**DATA EXTRACT**

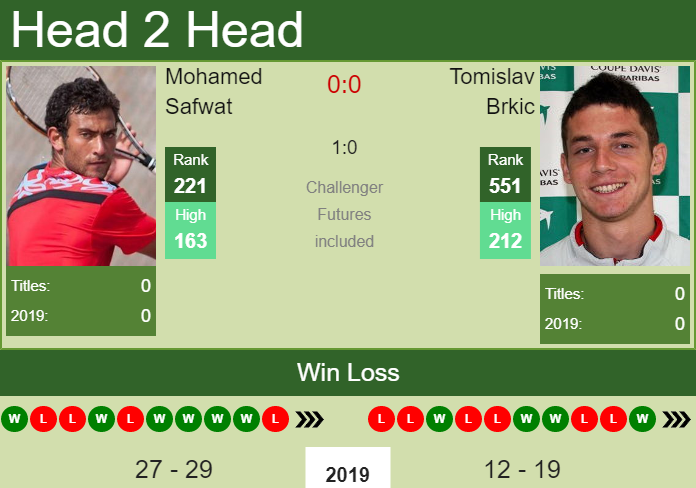 Prediction and head to head Mohamed Safwat vs. Tomislav Brkic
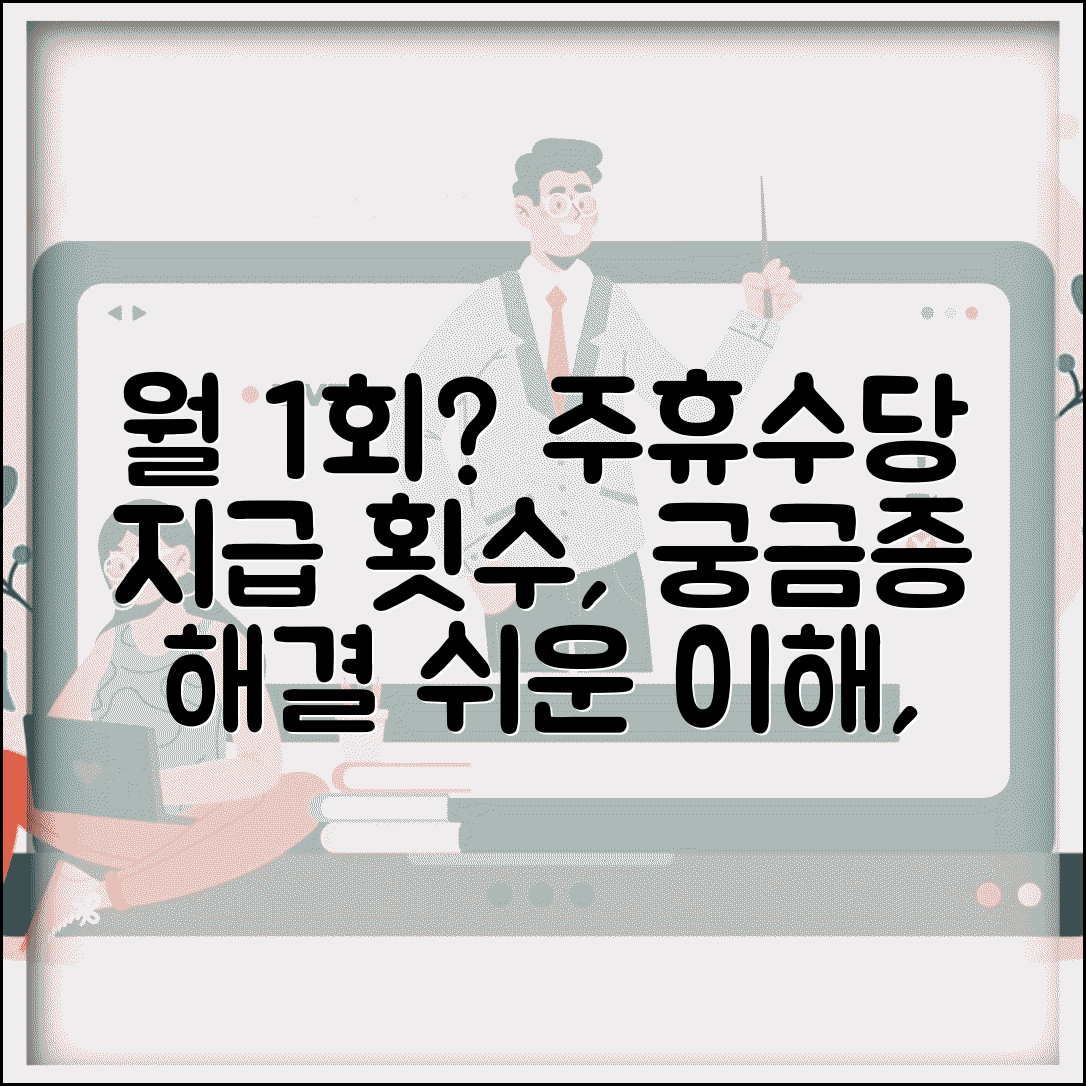 주휴수당 한달에 몇번 지급 | 주휴수당 월별 지급 횟수 및 기준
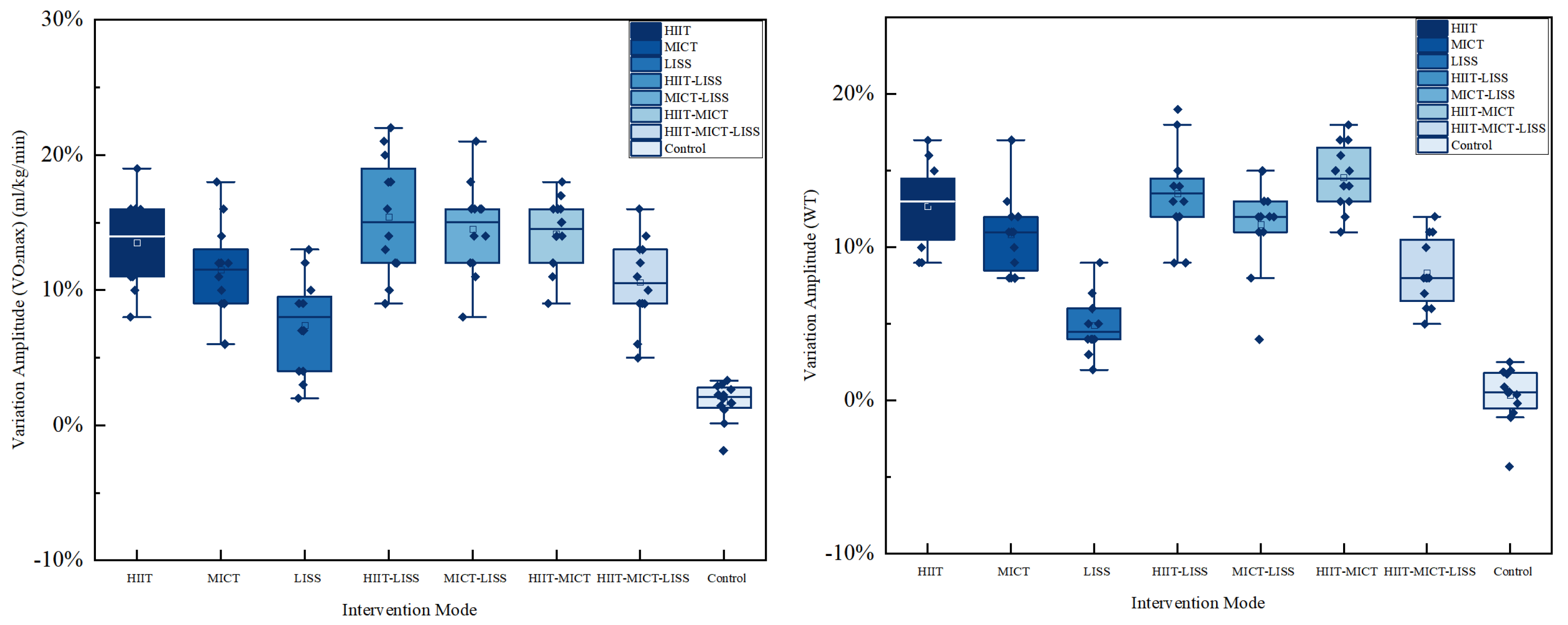 Applsci 14 10140 g005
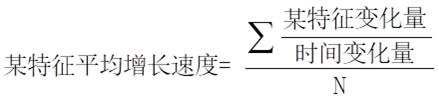 使用机器学习做游戏留存数据挖掘的一种尝试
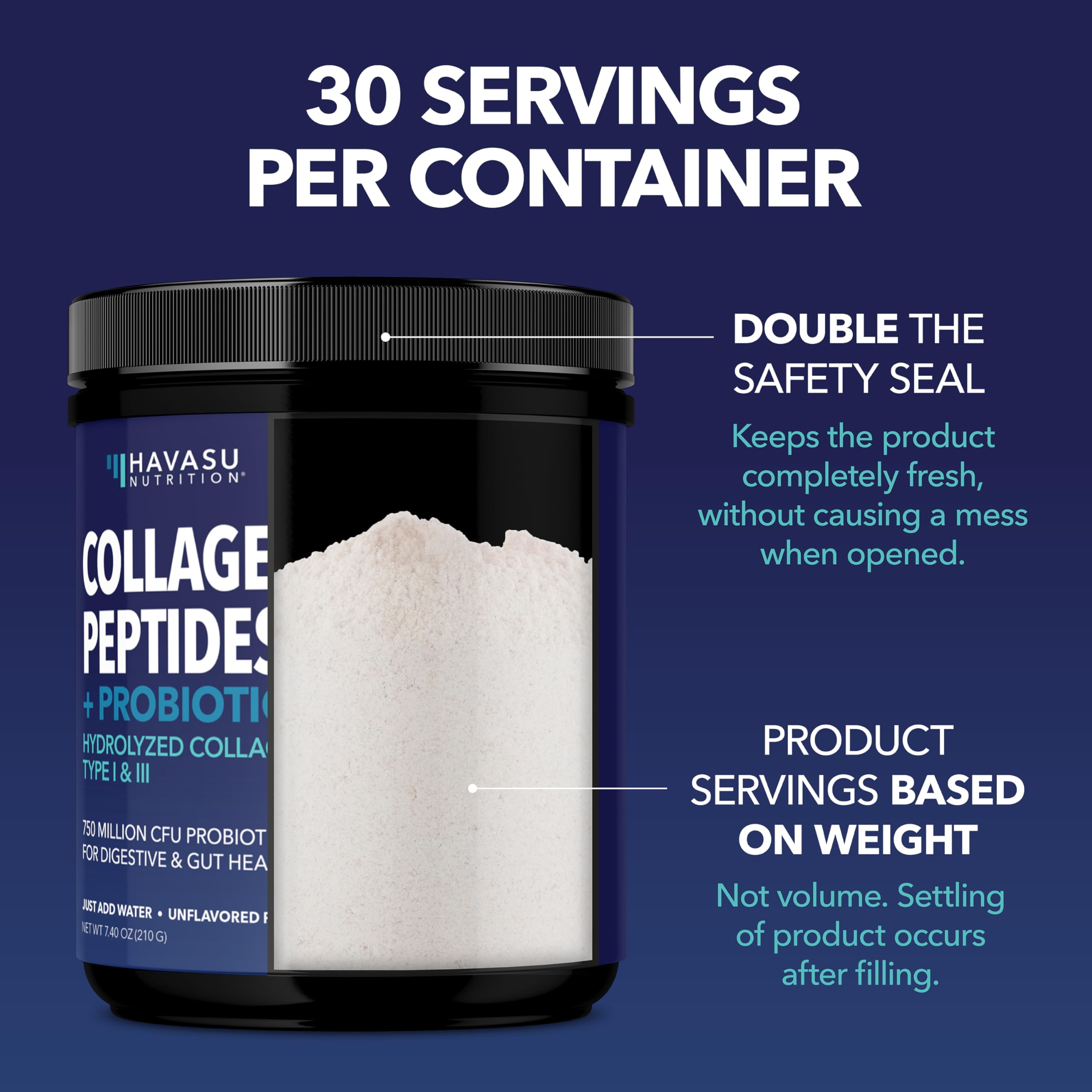 Hydrolyzed collagen Type I & III infographic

**DESCRIPTION OF THE TASK**
The records above are to be repeated exactly, with every picture removed from the copy.

**YOUR RESPONSE**
 Prediction and head to head Mohamed Safwat vs. Tomislav Brkic
 주휴수당 한달에 몇번 지급 | 주휴수당 월별 지급 횟수 및 기준
 Applsci 14 10140 g005
 使用机器学习做游戏留存数据挖掘的一种尝试
 Hydrolyzed collagen Type I & III infographic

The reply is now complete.